ChannelService.create() — both blocking and reactive — only calls channelStore.put(channel). It does not fire ChannelInitialisedEvent. It does not call gateway.initChannel(). The javadoc on ChannelGateway.initChannel() says “Called by create_channel and by the startup hook” — which sounds like the service handles it internally. It does not. “Create_channel” means callers of the gateway method, not the service.
At startup, ChannelGateway.onStart() fires initChannel with recovered=true for every channel already in the database. But channels created after startup — channels opened by CaseChannelProvider.openChannel() when a new case starts — get nothing. OpenClawChannelBackend observes ChannelInitialisedEvent to register itself with the gateway. If the event never fires, the backend is never registered for that channel. ChannelGateway.fanOut() finds no registered non-default backends, iterates over an empty list, logs nothing, and returns. The COMMAND is gone.
What made this particularly unpleasant is that all the other signals look normal. The channel exists in the database. The message is persisted by MessageService.dispatch(). The HTTP call returns 200. The only way to know is if you notice that nothing is happening downstream — which in a case that’s just started means waiting and wondering why the agent hasn’t responded.
The existing blocking OpenClawCaseChannelProvider.openChannel() has this defect. Every case started in a fresh process creates new channels after startup, so every invocation on every channel is affected. The code has been running this way since the channel provider was implemented.

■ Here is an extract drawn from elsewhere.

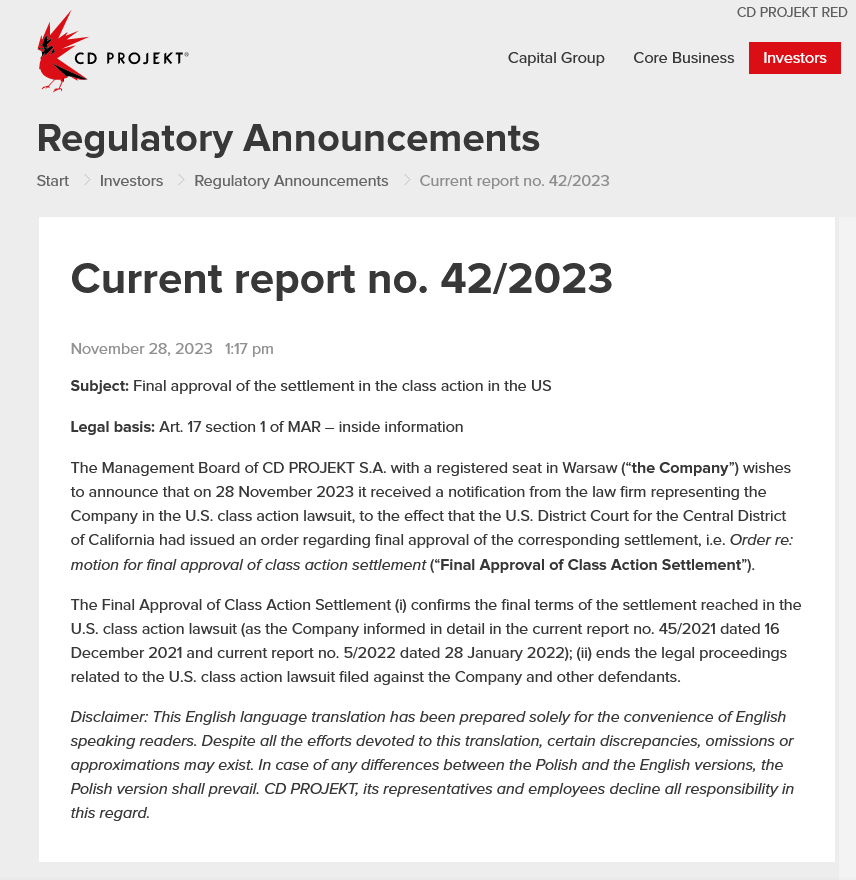 《赛博朋克2077》首发滑铁卢投资者起诉CDP现已和解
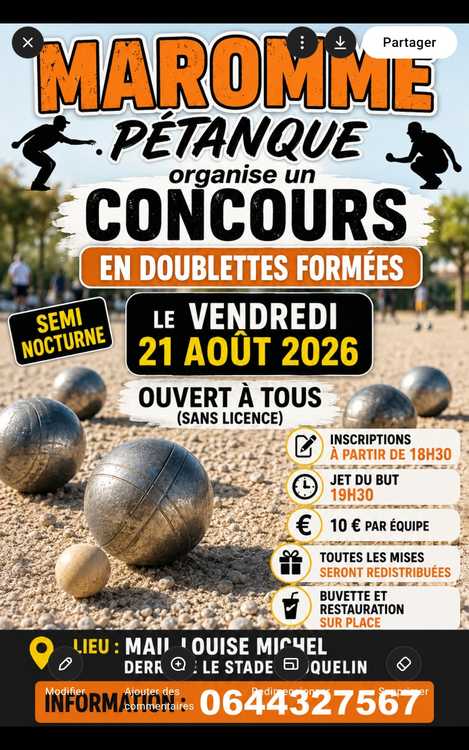 Concours de pétanque Ouvert à tous - Maromme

The fix is three lines: inject ChannelGateway, call gateway.initChannel(created.id, new ChannelRef(created.id, created.name)) in the orElseGet() lambda, and not on the findByName() path (channels found by name already exist in the database and were covered by the startup hook).
For the reactive variant I also needed a layout cache. The engine can fire openChannel() for multiple purposes concurrently — work, observe, oversight — and a naive findByName → empty → create sequence races: two threads see the channel as absent, both call create(), one hits a unique-constraint violation. Claudony handles this with ConcurrentHashMap.computeIfAbsent() + Uni.memoize().indefinitely(). First call computes the Uni; all concurrent callers wait on the same Uni; the memoized result replays to everyone. The trick is that the failure eviction must appear before memoize() in the chain:
initializeLayout(id)
.onFailure().invoke(err -> layoutCache.remove(id)) // before memoize
.memoize().indefinitely()
memoize() captures the first emission, success or failure. If a transient failure is memoized, it’s permanent. With the eviction first, a failure removes the cache entry before memoize() locks it in, allowing the next caller to retry with a fresh Uni.

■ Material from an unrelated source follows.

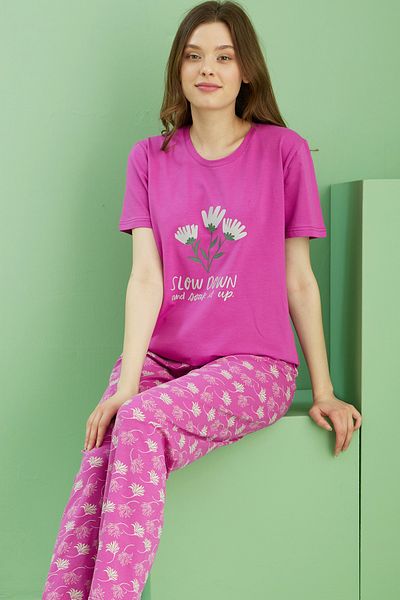 Siyah İnci Pink Patterned Crew Neck Knitted Cotton Pajama Set 25113255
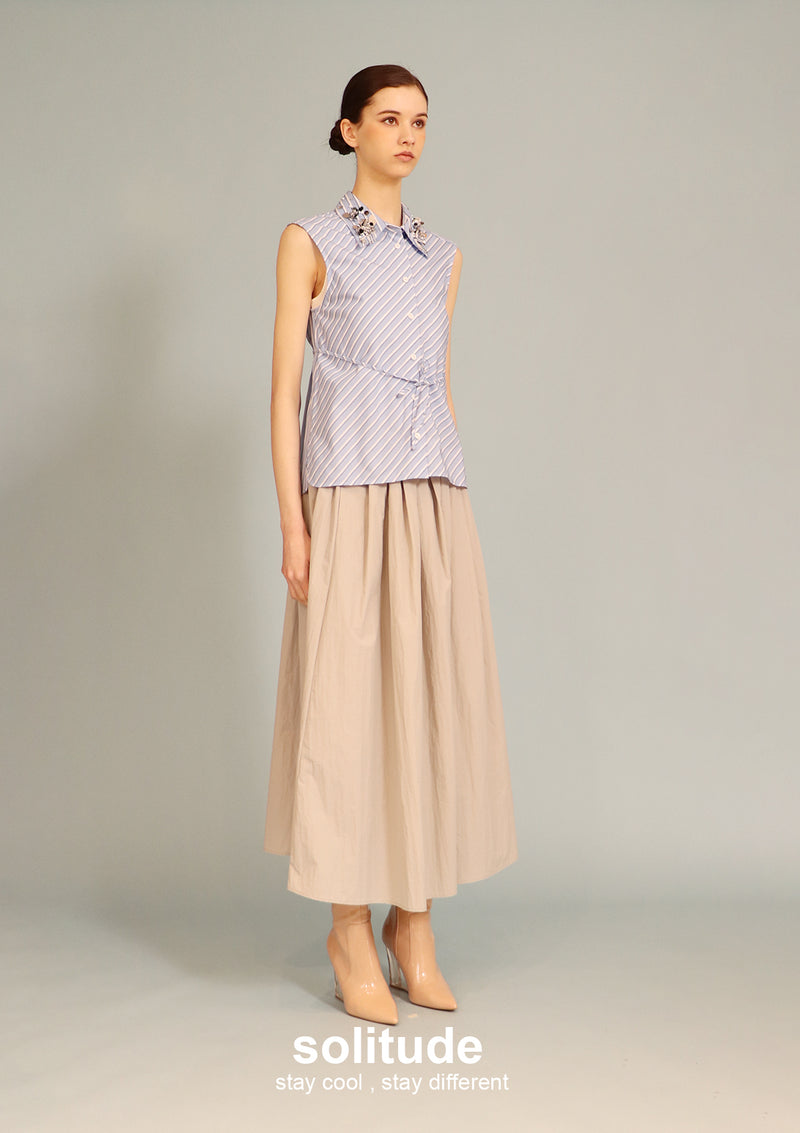 Embellished Blue Striped Sleeveless Shirt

One thing I’d remembered wrong: Uni.createFrom().runnable() doesn’t exist in this Mutiny version. I’d used it in some notes from other reactive work, apparently conflating it with Reactor’s API. The actual form for Uni<Void> wrapping a synchronous side effect is Uni.createFrom().<Void>item(() -> { ...; return null; }). Fine, but non-obvious if you expect runnable().
The code review also caught that gating both reactive beans on a separate casehub.openclaw.reactive.enabled flag (my original proposal) rather than directly on casehub.qhorus.reactive.enabled creates a co-deployment trap: set only the openclaw flag, and Quarkus augmentation fails with UnsatisfiedResolutionException because the reactive channel services the beans inject are gated on the qhorus flag and absent. One gate, expressing the dependency directly, is the right design.
This is now a protocol for integration-tier harnesses: reactive SPI implementations use the same @IfBuildProperty gate as the infrastructure they inject. Obvious in hindsight. The kind of thing that gets rediscovered every time someone adds a new harness if it isn’t written down.